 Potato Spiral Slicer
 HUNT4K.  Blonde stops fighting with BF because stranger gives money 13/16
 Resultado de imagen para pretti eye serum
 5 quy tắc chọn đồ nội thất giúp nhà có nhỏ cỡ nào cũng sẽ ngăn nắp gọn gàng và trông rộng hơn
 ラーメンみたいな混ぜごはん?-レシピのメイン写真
--
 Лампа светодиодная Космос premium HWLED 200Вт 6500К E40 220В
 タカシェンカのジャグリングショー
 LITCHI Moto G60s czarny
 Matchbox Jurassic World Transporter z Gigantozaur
==
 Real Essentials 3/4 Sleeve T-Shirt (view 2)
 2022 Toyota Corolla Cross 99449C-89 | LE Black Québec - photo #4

**ASSIGNED TASK:** Copy out the range of lines above starting at the line with "Real Essentials 3/4 Sleeve T-Shirt (view 2)" and ending at the line with "2022 Toyota Corolla", exactly and including both.

**SOLUTION BELOW:**
 Real Essentials 3/4 Sleeve T-Shirt (view 2)
 2022 Toyota Corolla Cross 99449C-89 | LE Black Québec - photo #4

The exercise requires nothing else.